Facilitating Research-Informed Educational Practice for Inclusion. Survey Findings From 147 Teachers and School Leaders in England
Why this work is in the frame
A frame that forgets how it found something cannot be audited. These are the routes that admitted this work.
Bibliographic record
Abstract
This paper considers the engagement by teachers and school leaders in England in educational practices that are both ‘research-informed’ and supportive of inclusive education. We do so by seeking to understand the benefits, costs, and signifying factors these educators associate with research-use. In undertaking the study, we first worked to develop and refine a survey instrument (the ‘Research-Use BCS survey’) that could be used to uniquely and simultaneously measure these concepts. Our survey development involved a comprehensive process that comprised: (1) a review of recent literature; (2) item pre-testing; and (3) cognitive interviews. We then administered this questionnaire to a representative sample of English educators.
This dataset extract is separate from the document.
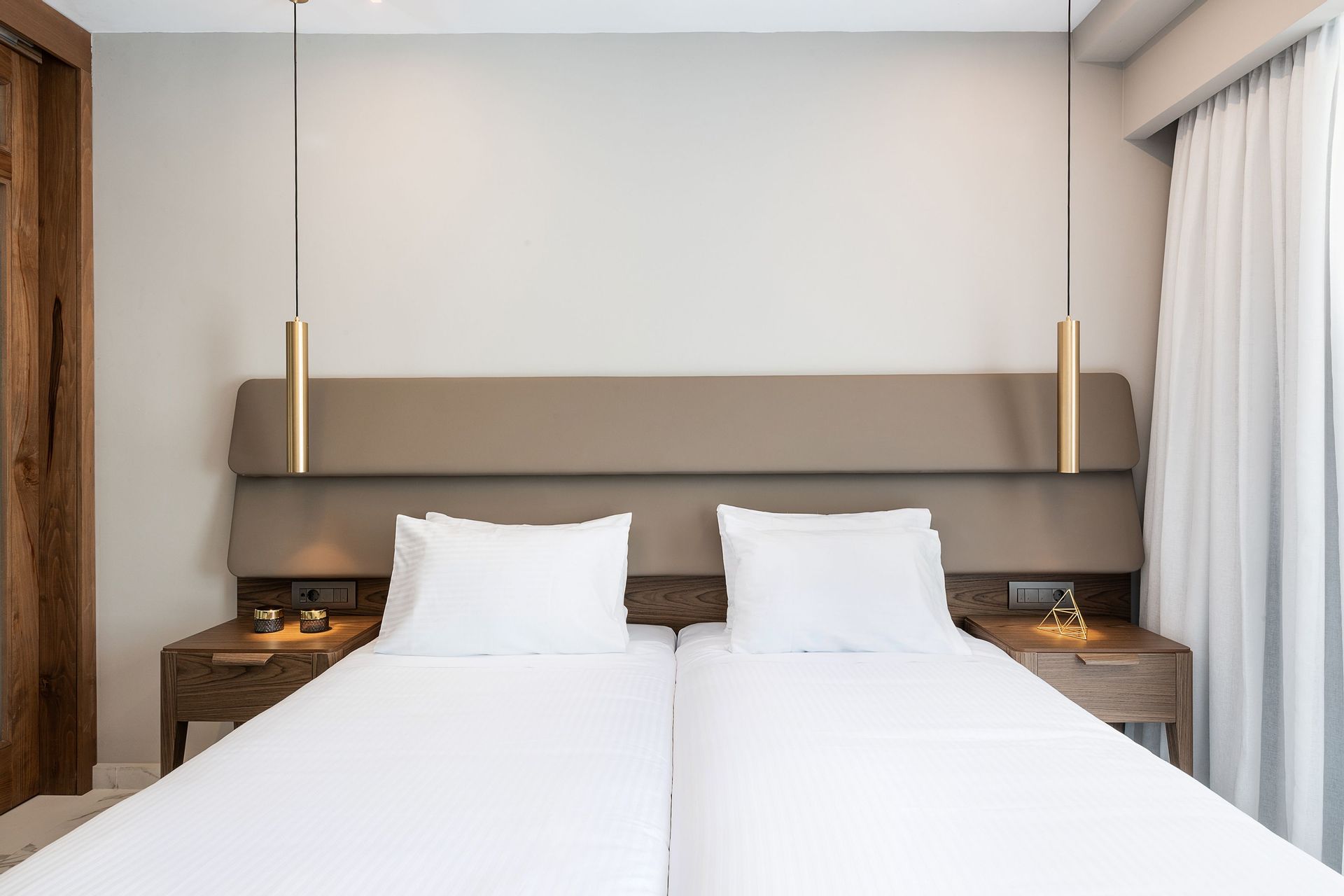 Porto Platanias Beach – Luxury Selection – (Adults Only) - SPP - 11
Although response rates were somewhat impacted by the recent COVID-19 pandemic, we achieved a sufficient number of responses (147 in total) to allow us to engage in descriptive analyses, as well as the production of classification trees. Our analysis resulted in several key findings, including that: (1) if respondents see the benefits of research, they are likely to use it (with the converse also true); (2) if educators have the needed support of their colleagues, they are more likely to use research; and (3) perceiving research-use as an activity that successful teachers and schools engage in is also associated with individual-level research use. We conclude the paper by pointing to potential interventions and strategies that might serve (at least, in the English context) to enhance research-use, so increasing the likelihood of the development and use of effective inclusive practices in schools.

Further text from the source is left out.